L’équipe de Dimitrios Vatakis, à l’université de Californie à Los Angeles (États-Unis), a injecté,
cinq jours durant, une dose de cocaïne à 19 de ces souris, et une dose de simple solution
physiologique (sans effet) à 19 autres. Ensuite, les souris ont reçu une injection de VIH, puis
elles ont continué à recevoir leur injection quotidienne de cocaïne ou de solution physiologique
pendant deux semaines.
LA COCAÏNE AFFAIBLIT LES CELLULES CHARGÉES DE LA DÉFENSE
IMMUNITAIRE
Les résultats sont publiés dans la revue Scientific Reports : la présence de cocaïne facilite la
diffusion du virus. Chez les souris ayant reçu une dose quotidienne de cette substance, à la fin de
l’expérience, les concentrations de virus dans le sang étaient plus élevées. Seules 3 parmi ces 19
souris ne présentaient pas de niveaux détectables de VIH dans le sang, contre 9 souris parmi les
19 ayant reçu une injection inerte. Les biologistes ont aussi détecté dans le sang des souris
“cocaïnomanes” une plus forte concentration d’ARN viral, produit par le VIH lorsqu’il se
multiplie, signe que le virus se répand plus aisément dans leur organisme.

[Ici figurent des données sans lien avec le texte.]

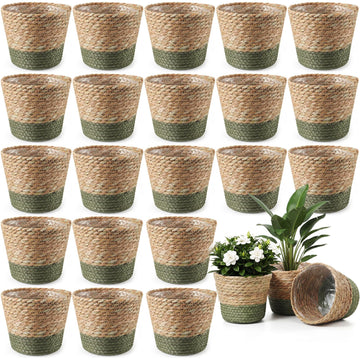 24 Pcs Wicker Plant Basket Bulk with Liners Woven Planter Baskets Bulk for Indoor Outdoor Seagrass Plants Woven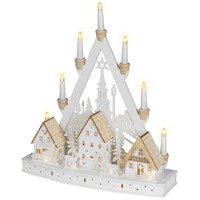 Kaemingk 49cm 7 Candle White Christmas Village Window Light Bridge (484590)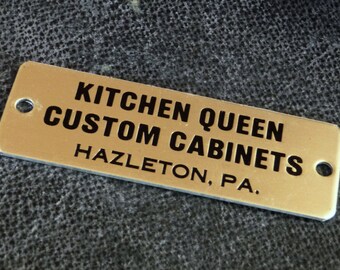 Vintage Appliance ID Tag -- Metal Sign Kitchen Queen Custom Cabinets Hazelton PA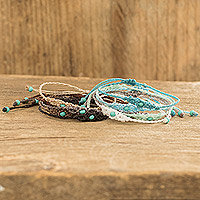 Glass bead macrame bracelets, 'Unity and Joy' (set of 10) - Set of 10 Handcrafted Assorted Glass Bead Macrame Bracelets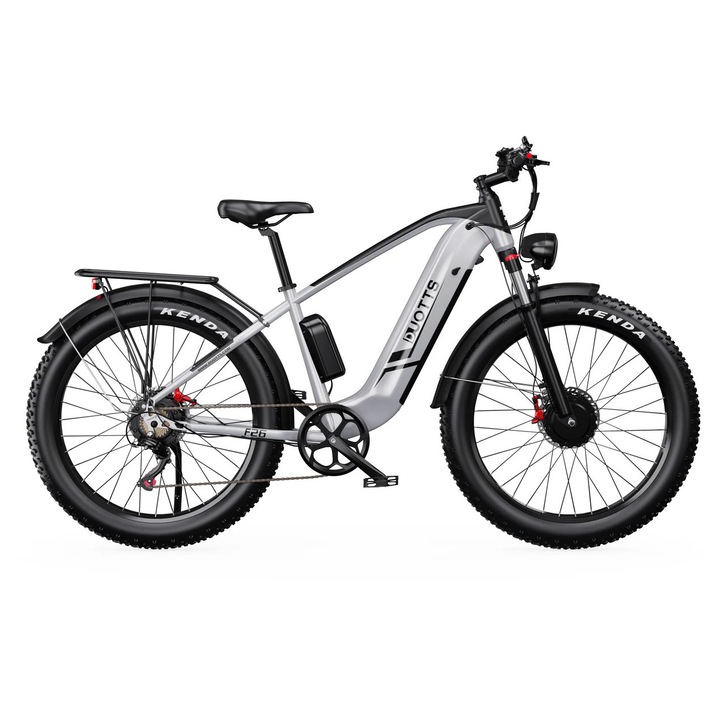 DUOTTS F26 elektromos kerékpár, 2 motoros, 48V/20Ah akkumulátor, szürke, 26 hüvelyk, 120 km hatótávolság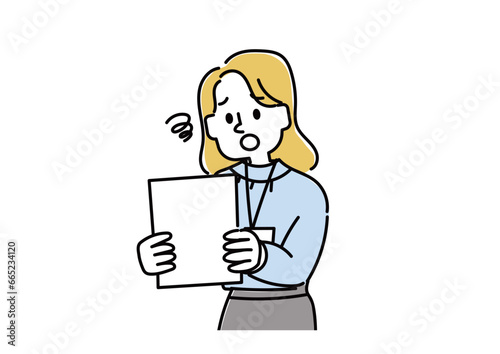 書類を見てがっかりしているビジネスマンのイラスト（女性）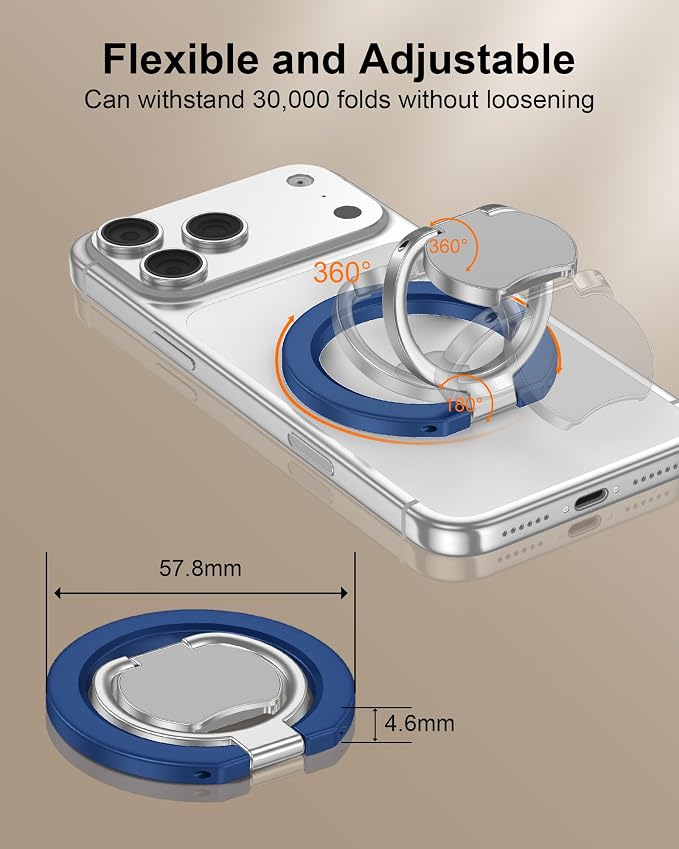 Magnetic Phone Holder 2-in-1 Foldable Gym Grip for iPhone 17e 17 Pro Max 16e 16 Plus 15 14 Galaxy S26 S25 Edge S24 Ultra Z Flip7 Two-Sided Magsafe Pop-Style Phone Stand for Mag Car Mount & Phone Case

Enfin, les cellules immunitaires de ces souris voyaient leur réaction s’amenuiser en présence
de cocaïne. Les lymphocytes T de type CD4, d’habitude en première ligne dans la lutte contre un
agent infectieux, réagissaient de manière très atténuée, secrétant une trop faible quantité de
cytokines, des messagers immunitaires fondamentaux pour organiser les défenses. De leur côté,
les lymphocytes tueurs (T de type CD8), n’étaient plus capables de tuer les cellules infectées par
le virus.
Toutes ces données montrent clairement que la cocaïne a un effet direct de facilitateur de
l’infection par le virus du sida. Une conclusion qui a de quoi inquiéter, alors que l’on compte, en
France, 450 000 personnes en ayant fait usage au moins une fois au cours de l’année
2014,d’après le dernier rapport de l’Observatoire français des drogues et des toxicomanies.